Wiedmer: Will Cats' door keep revolving?

Friday, January 1, 1904

At 7:30 tonight on ESPNU, the nation's top two high school basketball players are expected to announce where they'll spend their obligatory year of NBA purgatory as faux college students.

If both 6-foot-10 defensive demon Nerlens Noel and 6-6 offensive wunderkind Shabazz Muhammad choose defending national champ Kentucky, the Wildcats just might be headed for a repeat.

Then again, should neither choose to spend nine months in the Bluegrass on the first day of the spring signing period, UK coach John Calipari's casual interest in the New York Knicks job just might turn quite serious, since Cal would appear to be relegated to college hoops' mediocre masses for the first time since joining the Big Blue Nation in the spring of 2009.

Or the Cats could do as expected and land either Noel or Muhammad -- Noel looks the more likely of the two -- making Kentucky a preseason top-10 lock but a Final Four long shot.

Yet whatever the twin terrors of the 2012 recruiting class decide, there is little question that Cal's Cats' recent national title on the backs of three freshman starters has further fanned the flames regarding whether such one-and-done talents as UK rookie Anthony Davis are good for the college game.

And if they're not, what to do about it.

There's never been a simple solution, in part because it's never been the NCAA's rule.

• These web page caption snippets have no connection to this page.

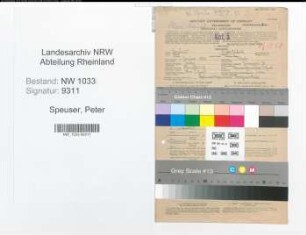Entnazifizierung Peter Speuser , geb. 01.01.1916 (Polizeibeamter)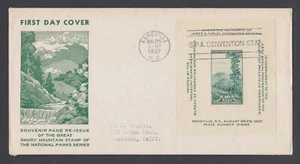 US Planty 797-33 FDC. 1937 10c souvenir sheet, Sudduth cachet for Washington Ser - Picture 1 of 2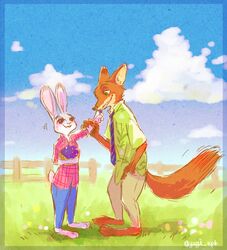  2016 anthro arm_grab barefoot border bottomwear canid canine clothed clothing disney duo eating feet female fence fox fur green_eyes hand_in_pocket holding_object inner_ear_fluff judy_hopps lagomorph leporid male mammal necktie nick_wilde open_mouth open_smile outside pants pockets purple_eyes rabbit raised_arm red_fox shirt size_difference smile topwear true_fox tuft yagi_(artist) zootopia 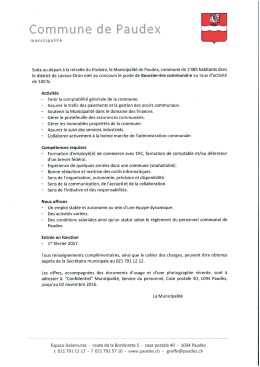 Page 1 Commune de Paudex m unicipalité Suite au départ à la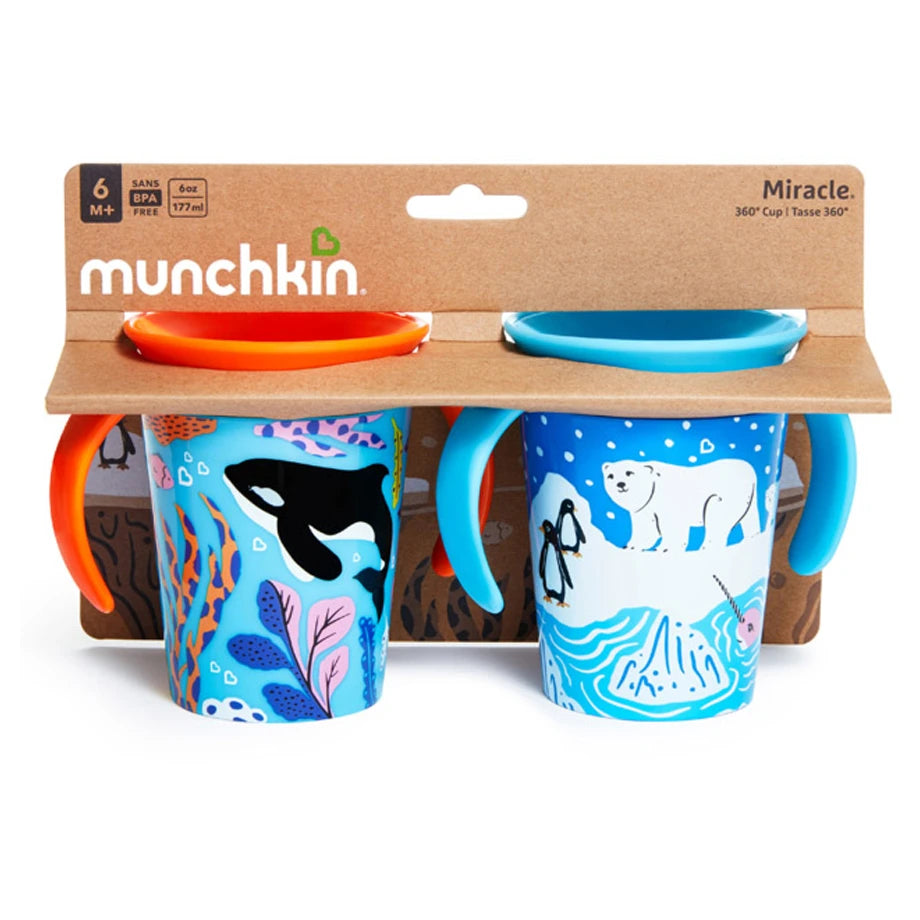 Munchkin Miracle 360° WildLove Trainer Cup Pack of 2 (Polar Bear & Orca)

It's an NBA rule that -- if the pro league was honest about it -- was put in to protect the owners from themselves in signing high school kids who either weren't talented enough, mature enough (or both) to become millionaires at the tender age of 18.

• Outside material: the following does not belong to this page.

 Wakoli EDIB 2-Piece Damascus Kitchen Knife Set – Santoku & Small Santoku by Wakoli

So the league mandated that you couldn't enter the NBA draft until your high school class was a year removed from graduation. You could go to Europe for a year -- as Milwaukee Bucks point guard Brandon Jennings did -- but you couldn't play in the NBA.

The years since have seen such talents as Kevin Durrant briefly excite us as a Texas Longhorn and Ohio State Buckeyes Greg Oden and Mike Conley reach the 2007 NCAA title game before they said hello, NBA, and goodbye, Columbus, in their only collegiate seasons.

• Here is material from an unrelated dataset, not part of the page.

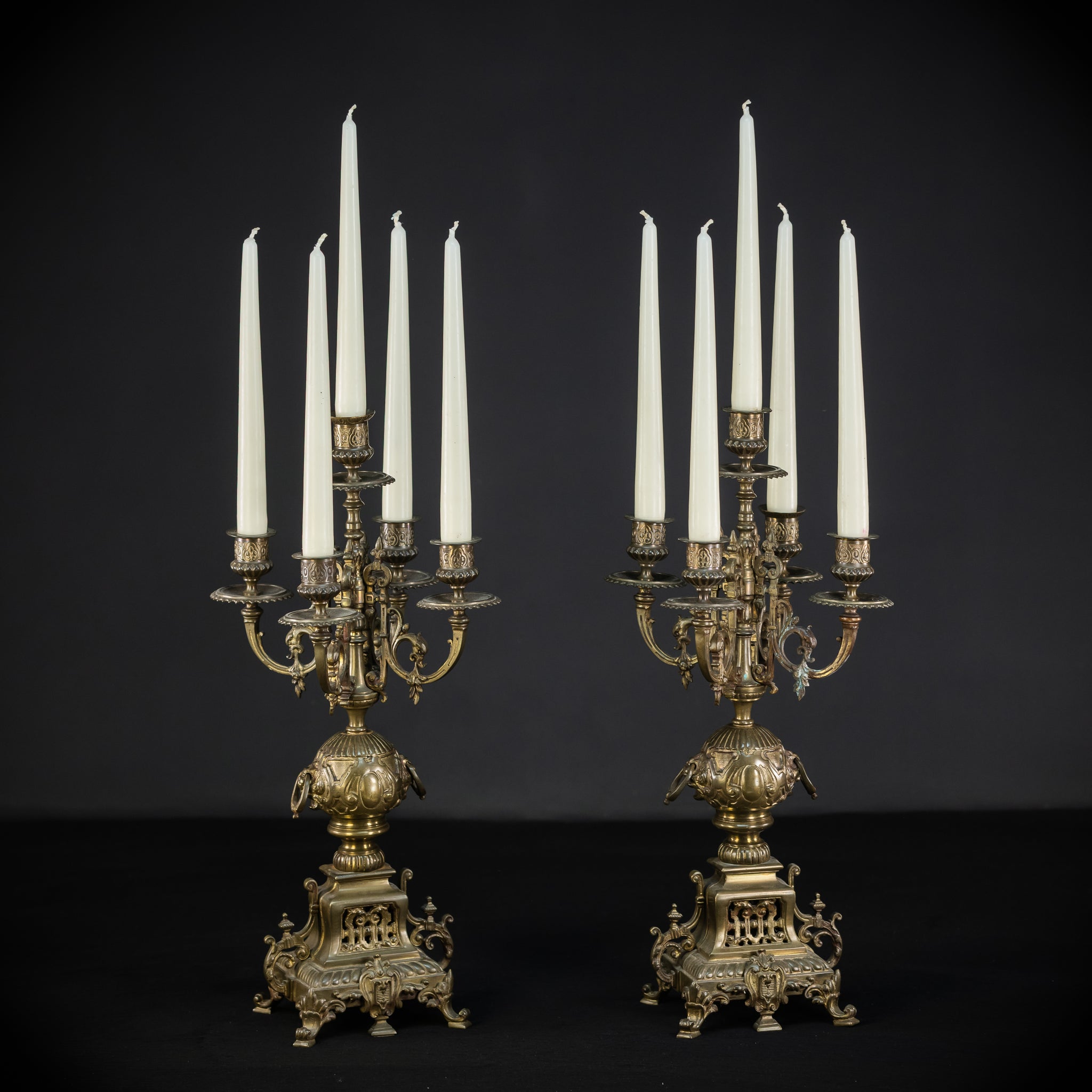 Candelabra Pair | Two French 1800s | Neo-Reneissance 17.9"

But not until this year's selfless and sizzling Kentucky squad arrived did a team with three potential one-and-done starters -- Davis, forward Michael Kidd-Gilchrist and point guard Marquis Teague -- cut down the nets.

What this means for the future of college basketball could well be nothing. Though Calipari has now debunked the myth that you can't win it all with one-and-doners, it remains a volatile mix.

Winning with freshmen is like a grand dessert: It's enormously tasty, but you're hungry again two hours later and nothing about it brings much sustenance. You've got to pretty much rebuild from the ground up every year, overwhelmingly reliant on another stunning freshman class, which can't always be obtained.

Calipari's done better than most. The Davis/Kidd-Gilchrist/Teague/Kyle Wiltjer quartet was his third straight No. 1 recruiting class at UK. But without landing either Noel, Muhammad or both, Cal won't claim a fourth straight, which would almost certainly make a third straight trip to the Final Four a difficult task for Big Blue.

Many will rightly say we've all killed an unseemly number of trees and drained far too many barrels of ink lamenting the fortunes of no more than a dozen or so basketball phenoms a year. And there is much truth in that.

For all the talk of how the one-and-doners are ruining the game, it would be hard to find a more disciplined, determined, unselfish bunch than Cal's national champs. They may have mostly been freshmen and sophomores, but they played with the poise and purpose of seniors.

This isn't to say one-and-done is perfect. Two years would be better. No years might be as good. Let them do what we used to for mega-talents such as LeBron James and Kobe Bryant: Skip college altogether.

And if both the NBA and NCAA really care about what's best for kids, perhaps they should also do this: Allow those prep stars who don't make an NBA roster directly out of high school an opportunity to return to college. They sit one year, have three years of collegiate eligibility remaining but must stay in school at least two of those years before again chasing their NBA dream.

That would truly put the kids first without making a sham of the college experience.

But until then, all these one-and-doners are certainly making the recruiting process more interesting for feast-or-famine programs such as UK.

For proof, consider this tweet from one Wildcats fan regarding the Muhammad/Noel decisions as reported by ESPN:

"Honestly, I am more excited for their decision than I was for the [NCAA] championship game," the fan tweeted. "[I] felt the game was in the bag ... this is big!!"

And you thought such nuttiness pertained only to college football signing day.